Produk dan kategori solusi
Website resmi SEI menampilkan beberapa kategori:
- ground-mounted solar power;
- industrial rooftop solar power;
- residential rooftop solar power;
- solar street lighting;
- solar power for telecommunication;
- floating solar;
- off-grid dan hybrid system;
- mini hydro power plant.
Rentang tersebut memperlihatkan pengalaman pada kebutuhan komersial, industri, pemerintah, telekomunikasi, desa, dan utilitas.
Untuk ground-mounted, kajian perlu mencakup lahan, geoteknik, drainase, interkoneksi, lingkungan, dan keamanan.
Untuk industrial rooftop, fokusnya adalah load profile, struktur atap, shutdown, proteksi, HSE, monitoring, dan integrasi panel utama.
Untuk telekomunikasi, reliability, baterai, pencurian, temperatur, akses site, dan remote monitoring menjadi kritis.
Untuk solar street lighting, desain harus memperhatikan photometric, baterai, tiang, angin, vandalism, jarak, serta biaya maintenance.
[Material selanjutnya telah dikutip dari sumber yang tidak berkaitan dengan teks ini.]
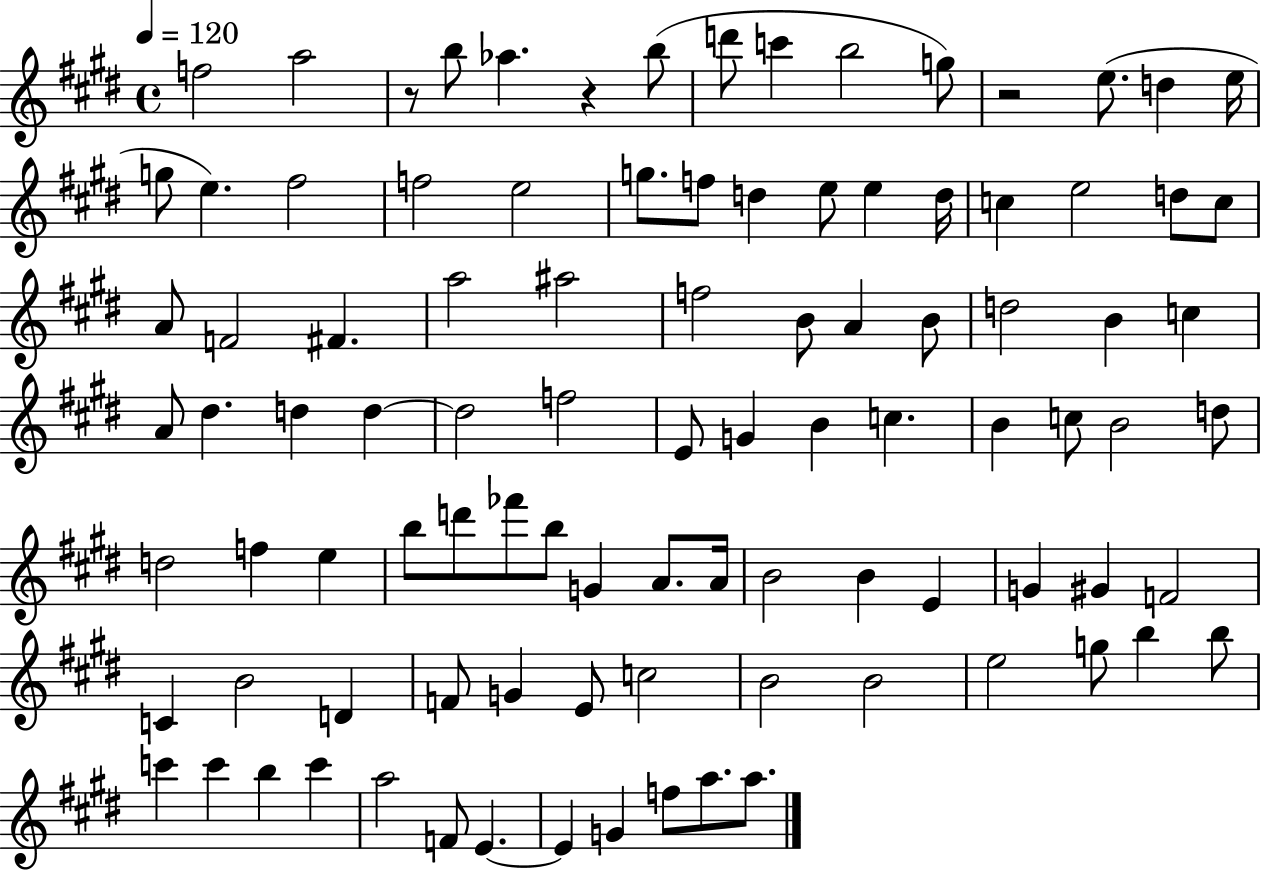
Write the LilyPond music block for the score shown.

{
  \clef treble
  \time 4/4
  \defaultTimeSignature
  \key e \major
  \tempo 4 = 120
  f''2 a''2 | r8 b''8 aes''4. r4 b''8( | d'''8 c'''4 b''2 g''8) | r2 e''8.( d''4 e''16 | \break g''8 e''4.) fis''2 | f''2 e''2 | g''8. f''8 d''4 e''8 e''4 d''16 | c''4 e''2 d''8 c''8 | \break a'8 f'2 fis'4. | a''2 ais''2 | f''2 b'8 a'4 b'8 | d''2 b'4 c''4 | \break a'8 dis''4. d''4 d''4~~ | d''2 f''2 | e'8 g'4 b'4 c''4. | b'4 c''8 b'2 d''8 | \break d''2 f''4 e''4 | b''8 d'''8 fes'''8 b''8 g'4 a'8. a'16 | b'2 b'4 e'4 | g'4 gis'4 f'2 | \break c'4 b'2 d'4 | f'8 g'4 e'8 c''2 | b'2 b'2 | e''2 g''8 b''4 b''8 | \break c'''4 c'''4 b''4 c'''4 | a''2 f'8 e'4.~~ | e'4 g'4 f''8 a''8. a''8. | \bar "|."
}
Untuk floating solar, mooring, anchoring, korosi, level air, gelombang, akses, dan keselamatan listrik perlu dianalisis.
Pengalaman dan angka kapasitas
Website SEI menyatakan telah mencapai kapasitas puncak lebih dari 60 MWp dan memasang ribuan sistem tenaga surya di seluruh Indonesia.
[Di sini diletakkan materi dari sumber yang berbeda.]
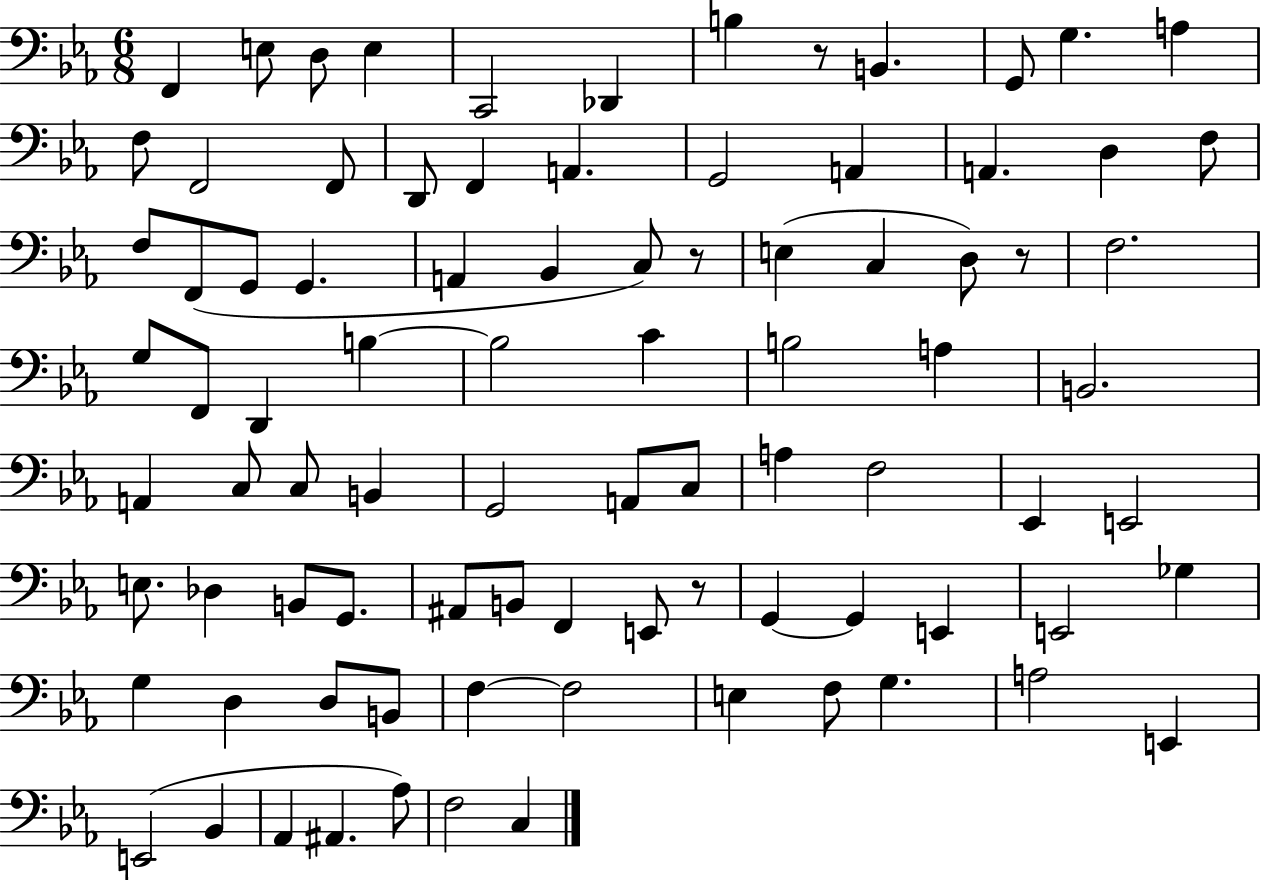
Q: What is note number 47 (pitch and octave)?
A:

Pada halaman yang sama, perusahaan menampilkan angka:
- 23,57 MWp solar power untuk telekomunikasi;
- 12,01 MWp off-grid solar system;
- 21.803 tiang solar street lighting;
- 67,93 MWp on-grid solar system;
- lebih dari 2,5 MWp kategori lain;
- 10,4 MWp hybrid solar system.
Angka tersebut tidak dapat dijumlahkan secara sederhana. Klaim headline “lebih dari 60 MWp” bahkan lebih kecil daripada angka on-grid 67,93 MWp. Kemungkinan terdapat perbedaan periode, definisi, overlap, pembaruan halaman yang tidak serempak, atau kategori installed dan cumulative.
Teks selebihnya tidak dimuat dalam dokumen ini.